According to Williams, his nickname came from his sister: as an infant, he drank so much milk that his sister suggested to his mother that his mother should give him a tank of milk instead of a bottle.

==College career==
Williams attended Stanford University, where he played in 10 games as a true freshman in 1998. He started six games at free safety in 1999, and earned second-team All-Pacific-10 Conference honors as a junior. In his senior season, Williams was a first-team All-Pac-10 pick, becoming the first defensive back in school history to win national first-team honors.

==Professional career==

===Tennessee Titans===
Drafted by the Titans in the second round (45th overall) in the 2002 NFL draft, Williams started every game as a rookie for the Titans in 2002. He started every game in 2003 as well, posting 81 tackles, fourth on the Titans' defense that was best in the NFL against the run. His 2004 season was cut short by a knee injury that landed him on injured reserve on November 29. He returned in 2005 to start every game for the Titans, recording a career-high 83 tackles.

===Minnesota Vikings===
Williams signed with the Minnesota Vikings as a free agent in March 2006. On August 6, 2006, Williams was placed on the injured reserve for the 2006 season after shattering his kneecap. The Vikings re-signed Williams to a one-year deal after the season. He started only two games in 2007, recording 18 tackles on the year.

===New England Patriots===
Williams signed a one-year contract with the New England Patriots on March 5, 2008. Williams sustained a severe injury to his knee in training camp which caused him to be put on injured reserve, ending his season.

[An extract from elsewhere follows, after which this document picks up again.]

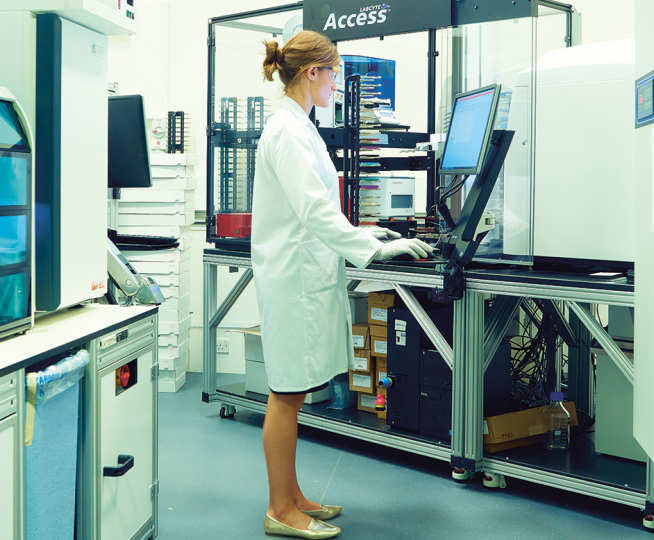 A scientist working at a computer in a lab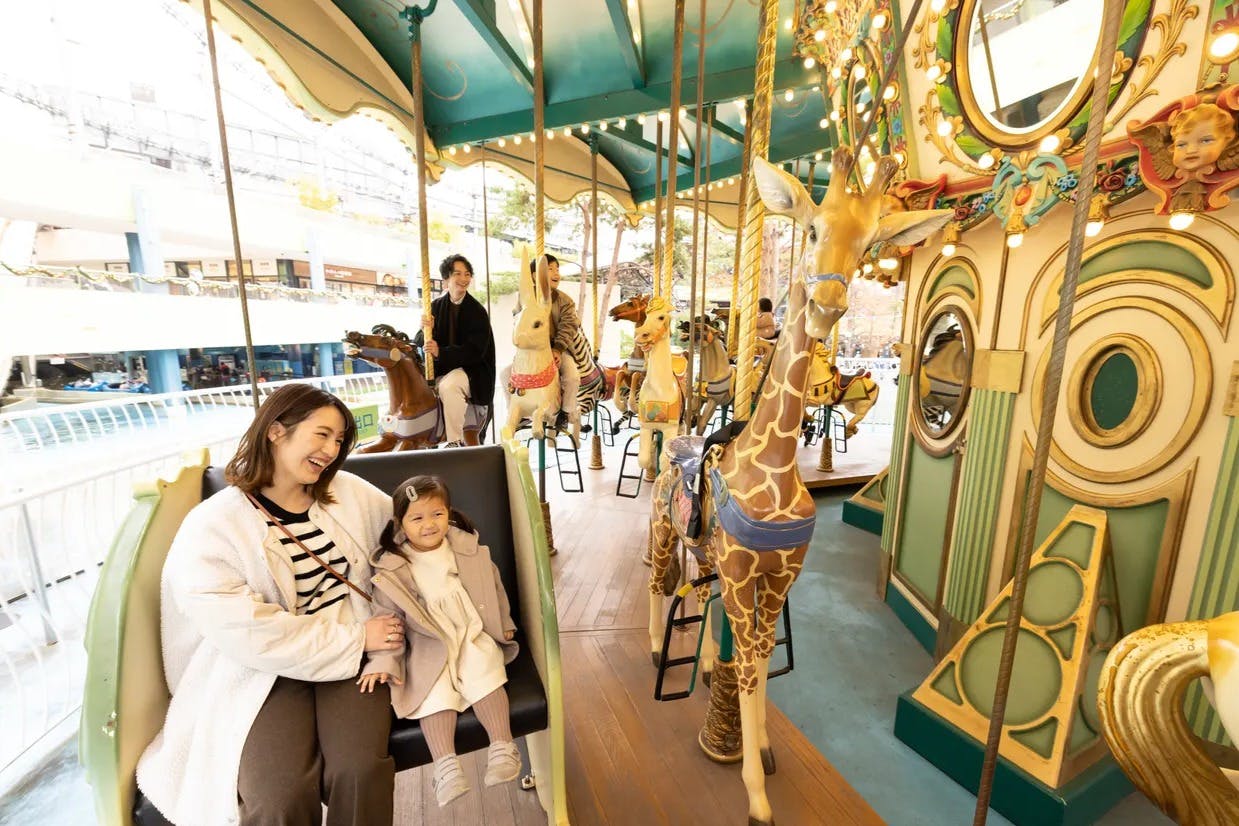 一名妇女和儿童坐在旋转木马长凳上，周围围绕着长颈鹿和兔子等动物形象，背景中还有其他骑手。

Williams was re-signed by the Patriots on March 16, 2009. He was released on August 25 when the team signed third-round pick Tyrone McKenzie.

===NFL statistics===

| Year | Team | GP | COMB | TOTAL | AST | SACK | FF | FR | FR YDS | INT | IR YDS | AVG IR | LNG IR | TD | PD |
|---|---|---|---|---|---|---|---|---|---|---|---|---|---|---|---|
| 2002 | TEN | 16 | 61 | 46 | 15 | 2.0 | 2 | 1 | 0 | 1 | 0 | 0 | 0 | 0 | 6 |
| 2003 | TEN | 16 | 74 | 51 | 23 | 0.5 | 0 | 0 | 0 | 2 | 0 | 0 | 0 | 0 | 6 |
| 2004 | TEN | 9 | 52 | 41 | 11 | 1.0 | 1 | 1 | 0 | 1 | 13 | 13 | 13 | 0 | 2 |
| 2005 | TEN | 16 | 78 | 58 | 20 | 0.0 | 0 | 1 | 0 | 1 | 1 | 1 | 1 | 0 | 5 |
| 2007 | MIN | 13 | 18 | 15 | 3 | 0.0 | 0 | 0 | 0 | 0 | 0 | 0 | 0 | 0 | 1 |
| Career |  | 70 | 283 | 211 | 72 | 3.5 | 3 | 3 | 0 | 5 | 14 | 3 | 13 | 0 | 20 |

==Coaching career==
In July, 2024, Williams was hired at his alma mater, Stanford as a defensive quality control analyst.